YosefLab / scone

53 stars 12 forks source link

POTENTIAL BUG: bplapply() and globals #57

Closed HenrikBengtsson closed 8 years ago

HenrikBengtsson commented 8 years ago

Just a comment after having talked about bplapply() with @drisso the other day;

Make sure to test the functions that call bplapply() with other backends than sequential and multicore too. For instance, test them with backends that run in separate background R processes, e.g. PSOCK clusters (parallel::makeCluster(2L)). Because, these require that all variables are properly exported to the worker (something you don't have to worry about when you use sequential and multicore workers).

Example:

> library("BiocParallel")
> a <- 42

> register(MulticoreParam(workers = 2))
> y <- bplapply(1:3, FUN = function(x) x + a)
> unlist(y)
[1] 43 44 45

> register(SnowParam(workers = 2, type = "SOCK"))
> y <- bplapply(1:3, FUN = function(x) x + a)
starting worker localhost:11794
starting worker localhost:11794
Error: BiocParallel errors
  element index: 1, 2, 3
  first error: object 'a' not found

Here's an example where I suspect you'll get an error because globals (zhat, muhat, coefs_pi) are not exported:

    fit_pi <- bplapply(seq_len(n), function(i) {
      fit <- suppressWarnings(glm(zhat[,i]~log(muhat), family = binomial(link = logit), start=coefs_pi[,i]))
      return(list(coefs=coefficients(fit), fitted=fitted.values(fit)))
    })
drisso commented 8 years ago

I have added (for now in develop) a set of tests running scone with many different back-ends, including BiocParallel::SnowParam(workers=2, type="SOCK").

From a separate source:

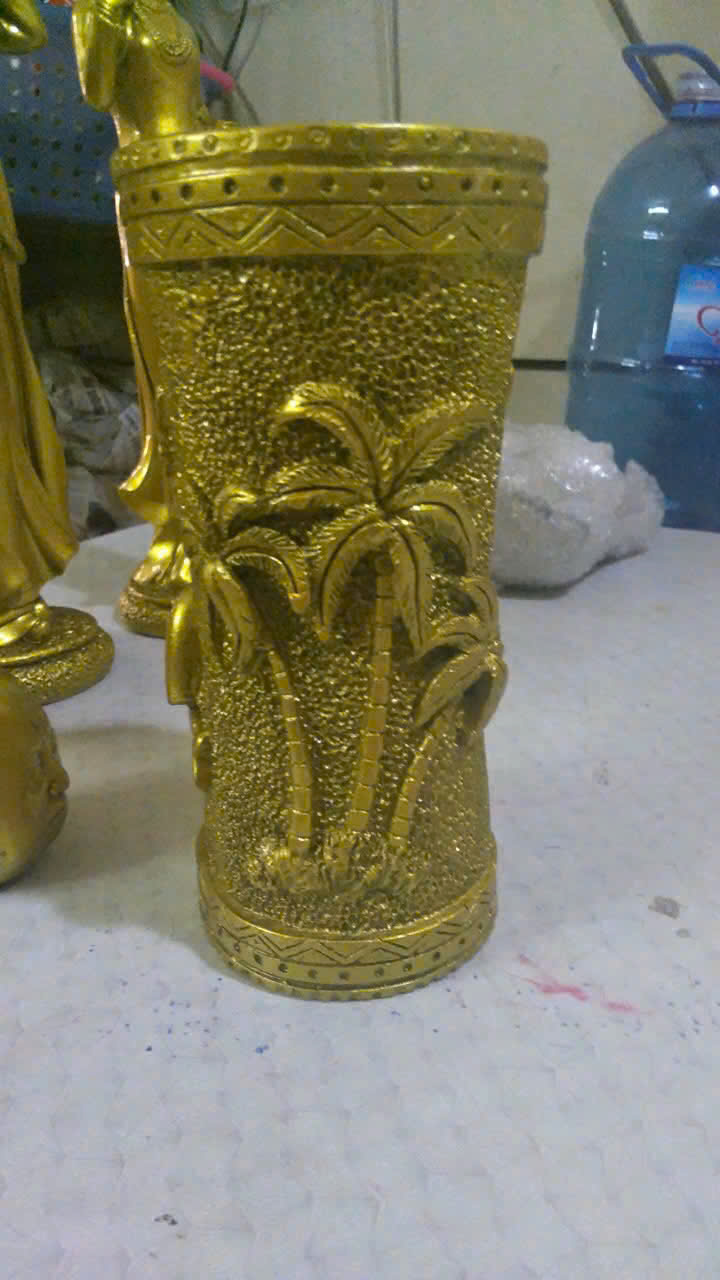 Lọ hoa họa cây dừa CTVD28 10.9 x 10.7 x 20.2cm mạ vàng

All tests pass and I also ran the vignette with this back-end with no issue. The particular example that @HenrikBengtsson references is now gone (we decided to not pursue zinb() imputation), but there are still calls to bplapply that look suspicious, like:

  scaled <- bplapply(seq_len(NROW(sc_params)), function(i) scaling[[sc_params[i,2]]](imputed[[sc_params[i,1]]]), BPPARAM=bpparam)

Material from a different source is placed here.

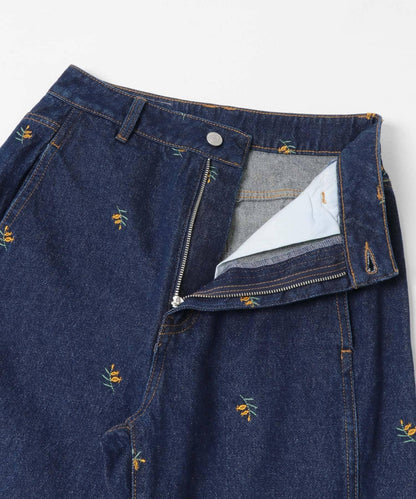 拼接口袋喇叭牛仔褲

However, this seems to work fine. Perhaps there is some automatic copy going on here? @HenrikBengtsson any thoughts?

HenrikBengtsson commented 8 years ago

Although I'm not a super savvy BiocParallel users, I don't think BiocParallel exports globals automatically, so I am a bit surprised that your most recent bplapply() snippet

scaled <- bplapply(seq_len(NROW(sc_params)), function(i) scaling[[sc_params[i,2]]](imputed[[sc_params[i,1]]]), BPPARAM=bpparam)

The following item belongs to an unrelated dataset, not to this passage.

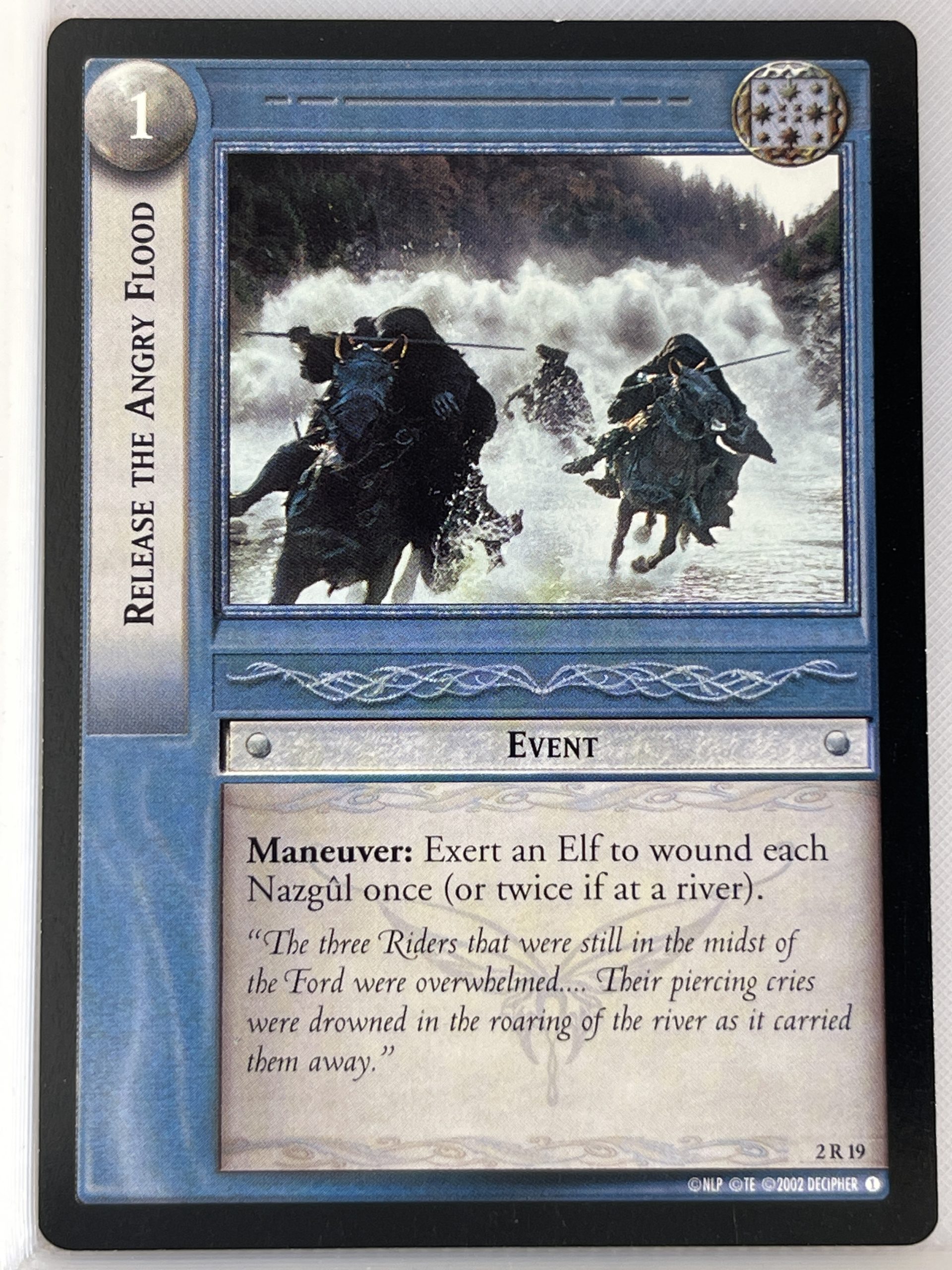 LORD OF THE RINGS TCG MINES OF MORIA RARE CARD 2R19 RELEASE THE ANGRY FLOOD lp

doesn't give an error reporting on object 'scaling' not found (or sc_params or imputed) when using an external R process as the backend such as SnowParam(workers=2, type="SOCK"). Are you 100% sure your package tests covers that piece of code?

@mtmorgan, do you have any comments?

mtmorgan commented 8 years ago

BiocParallel is behaving like snow for these backends, so the function and the environment in which it is defined are copied. So

register(SnowParam(2))
fun0 = function(i) a[i]
p0 = function() {
    a = 1:2
    bplapply(1:2, fun0)    # fails
}

p1a = function() {
    fun1 = function(i) a[i]
    a = 1:2
    bplapply(1:2, fun1)    # works
}

p1b = function() {
    a=1:2
    bplapply(1:2, function(i) a[i])
}

p2 = function() {
    fun1 = function(i) a[i]
    a = 1:2
    x = integer(1e8)
    bplapply(1:2, fun1)    # works, expensive!
}

leads to

> bpstart(bpparam())
> p0()
Error: BiocParallel errors
  element index: 1, 2
  first error: object 'a' not found
> system.time(p1a())
   user  system elapsed 
  0.004   0.000   0.074 
> system.time(p2())
   user  system elapsed 
  1.164   0.096   1.583 
> bpstop(bpparam())

I'm pretty sure too that a function defined at the (top level) of package actually has the package namespace serialized to the workers, so all variables in the package are available.

HenrikBengtsson commented 8 years ago

Ah, that could be why it works, i.e. they probably have the p1b() case. Thxs Martin.

drisso commented 8 years ago

Thank you Martin!

Now I have a much better idea of what's going on. Which makes me worried about the large objects that are defined and hence exported. But that's a different issue, so I should close this one.